> What is required:
Using the listing below, set down exactly the lines from the one that contains "Woman dressed in" through the one that contains "Personne portant une", with no pictures.

> Material shown:

========

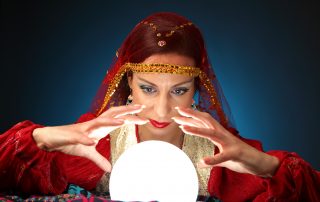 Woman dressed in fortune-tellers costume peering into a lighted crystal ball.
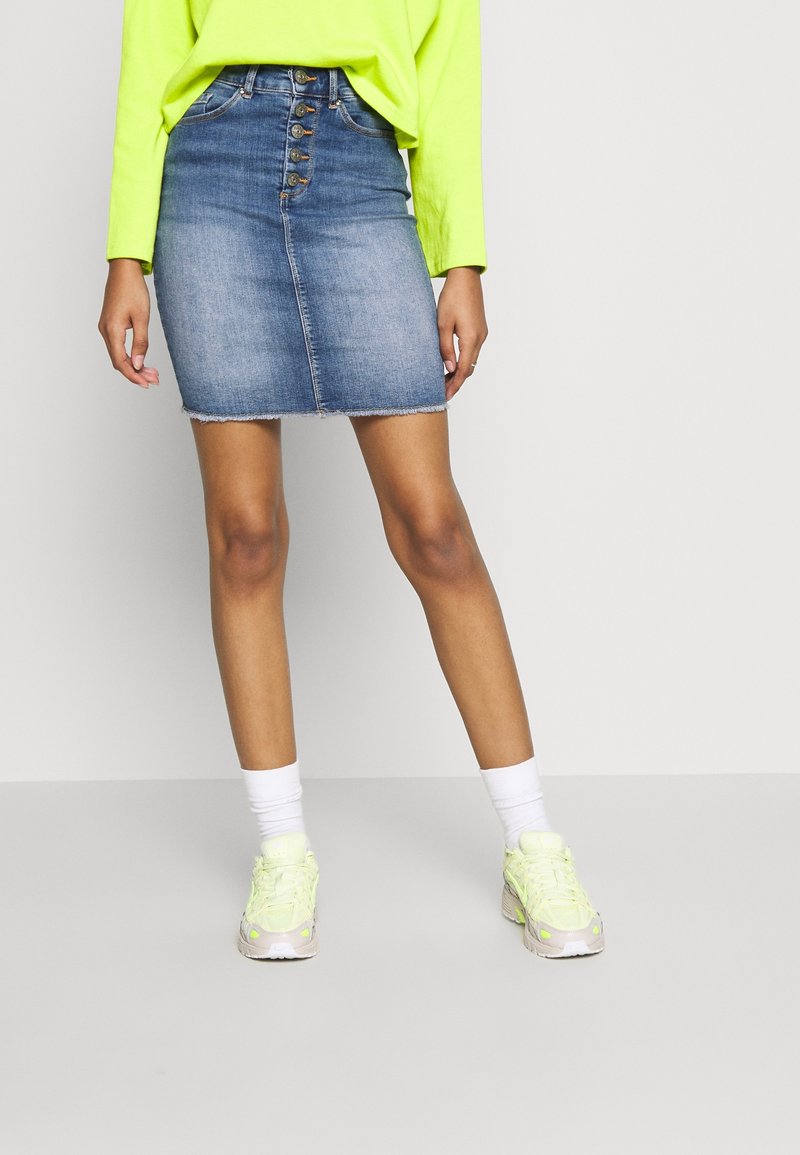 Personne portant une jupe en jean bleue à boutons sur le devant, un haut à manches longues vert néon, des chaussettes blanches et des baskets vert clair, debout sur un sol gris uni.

========

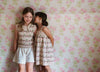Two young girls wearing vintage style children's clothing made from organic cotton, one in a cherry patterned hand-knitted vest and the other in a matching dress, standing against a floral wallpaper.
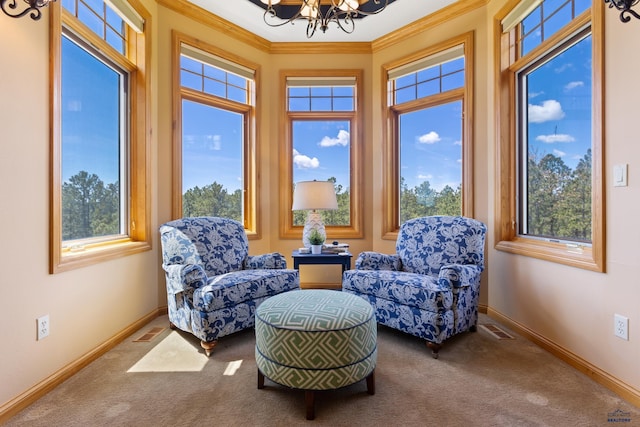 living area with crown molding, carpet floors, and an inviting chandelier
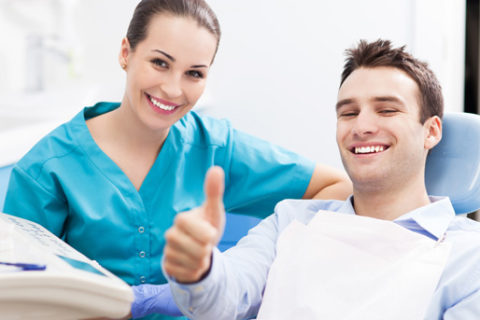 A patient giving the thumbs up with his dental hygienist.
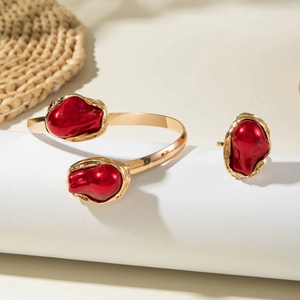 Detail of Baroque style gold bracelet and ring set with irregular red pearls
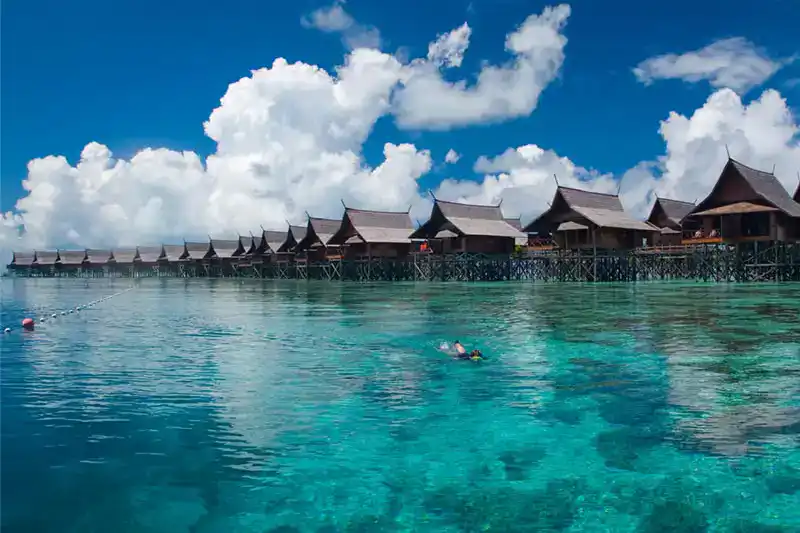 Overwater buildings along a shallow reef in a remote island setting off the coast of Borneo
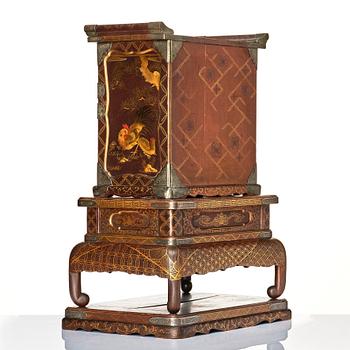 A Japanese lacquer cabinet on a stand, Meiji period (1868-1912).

========

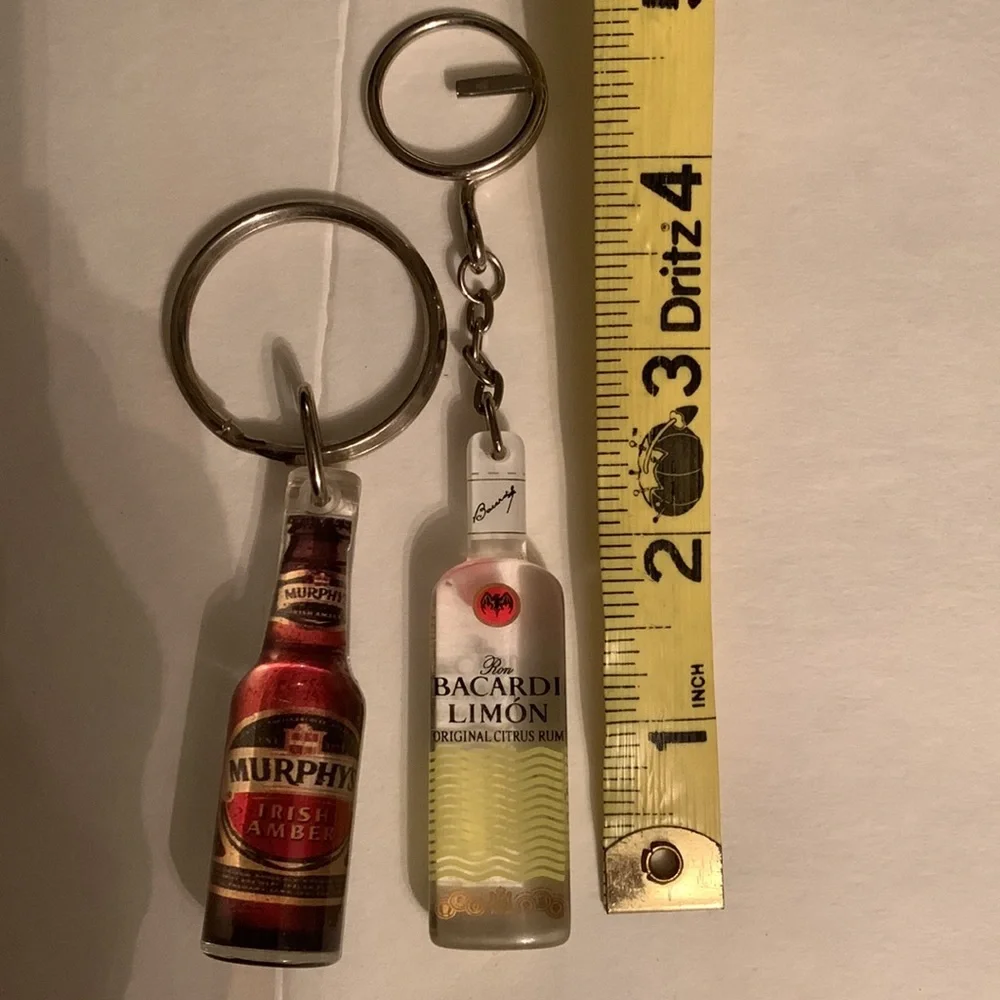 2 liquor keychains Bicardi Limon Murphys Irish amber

========

> Your solution:
 Woman dressed in fortune-tellers costume peering into a lighted crystal ball.
 Personne portant une jupe en jean bleue à boutons sur le devant, un haut à manches longues vert néon, des chaussettes blanches et des baskets vert clair, debout sur un sol gris uni.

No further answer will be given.